The truth is, Progressives object to the term “Death Panel” because they’ve got their heads in the sand about where this leads. That is the most misleading thing about this whole “debate”. We’re debating the effects with respect to human nature, sociology, and the nature of government power, and the philosophies of the people who want to implement this so badly.

They, as progressives believe, are trying to craft a bill to legislate responsibility, and human nature/sociology and the nature of government power are going to be dictated by what’s in the bill. Therefore, they debate only what’s in this bill.

If it doesn’t say “death panels” … if it doesn’t say there will be a body deciding who will get treatment or who won’t. Therefore, it’s “misinformation” (according to them) to say that it does.

But it’s completely disingenuous of them to point just to the language in the bill UNLESS there is language specifically stating that rationing and quality-quantity of life “triage” won’t be done as a part of it, ever, by law. And that’s not in there because they know it can’t be in there. They know it would restrict the government’s power to control every aspect of health care.
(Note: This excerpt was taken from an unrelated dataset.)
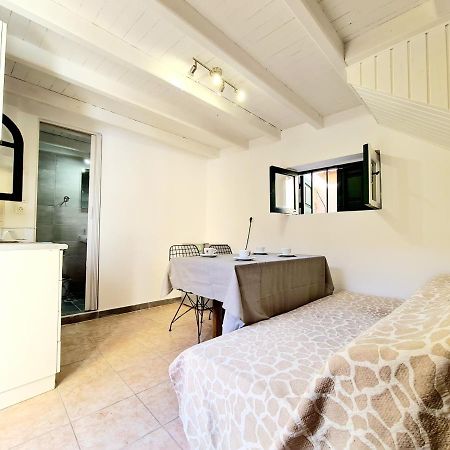 Piccolo Modern Suites Old Town Rhodes City Luaran gambar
And they wanna tinker.

See, Progressives — the leaders of the ideology, anyway, are academics at heart. They have these theories they want to try, and tinker with and somewhere deep down they really do believe they can make everything better for everyone. But academics in the “soft sciences” is theories built upon theories built upon theories and rife with circular arguments and incestuous self-reference …. and none of those theories can ever be proven in an ethical manner because they involve just the kind of experimenting … that Roosevelt and Obama and lots of other people wanted/want to do ON REAL LIVE PEOPLE’S LIVES AND LIVELIHOODS.

So they get around this little problem by focusing only on their intentions. And anyone who argues with them must, by definition in their pointy little heads, must have BAD intentions. Greed, power, whatever. Anything but a recognition that humans have their flaws and it’s best to let us all work things out for ourselves while having laws keeping us from killing or forcefully coercing each other to one or the other’s advantage. And if they failed, it’s because the Evil Ones foiled their plans, and anyway, their intentions were good so it doesn’t matter how many people were treated unfairly, or died, or had to be killed in order to get everybody with the program for The Greater Good™.
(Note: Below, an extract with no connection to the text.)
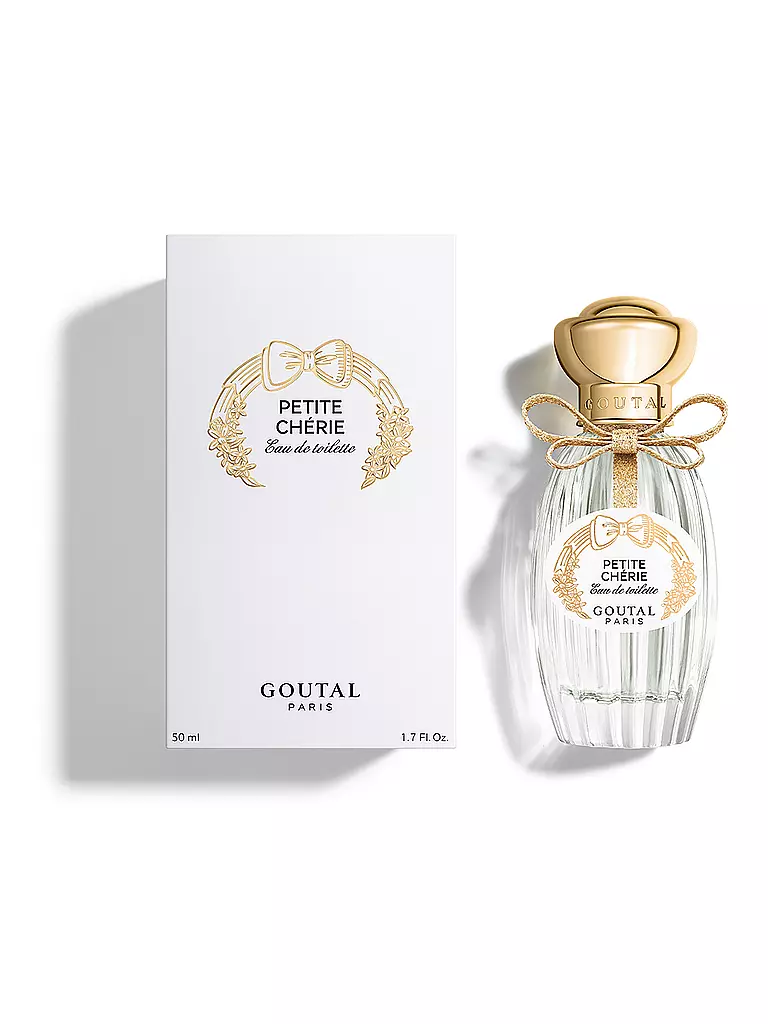 GOUTAL Petite Chérie Eau de Toilette 50ml keine Farbe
Of course, all of this was thought about and discussed extensively around 240, 250 years ago by some very bright men who happened to be male and white — which unfortunately means they’re on the outs right now and that’s no accident, either. We are not to “worship” their work … the work that founded the country that we all supposedly love (but some of us want to Change™ very badly, apparently) … after all, they are Old Dead White Men™.

But … I digress. As I often do. The deal is, the language clearly laid the foundation for a group of coercers, and Palin seized on it and used it to make the larger point that this is where single-payer health care will ultimately lead. I applaud her for it.

That language is now gone, now, thanks to her, but as I’ve said before… they’ll strike whatever language they need to from it to get enough popular support to pass it, and it will be a foot in the door to single-payer health care. And as I’ve said over and over and over again … EVERYBODY knows it. Everybody. The people pushing it will obfuscate and even deny it in public, but in private they’re rubbing their hands together in anticipation. The people fighting it will be called “___-mongers” and every name in the book in an attempt to dismiss them to short circuit any rational debate. In a debate, they lose. And they know it.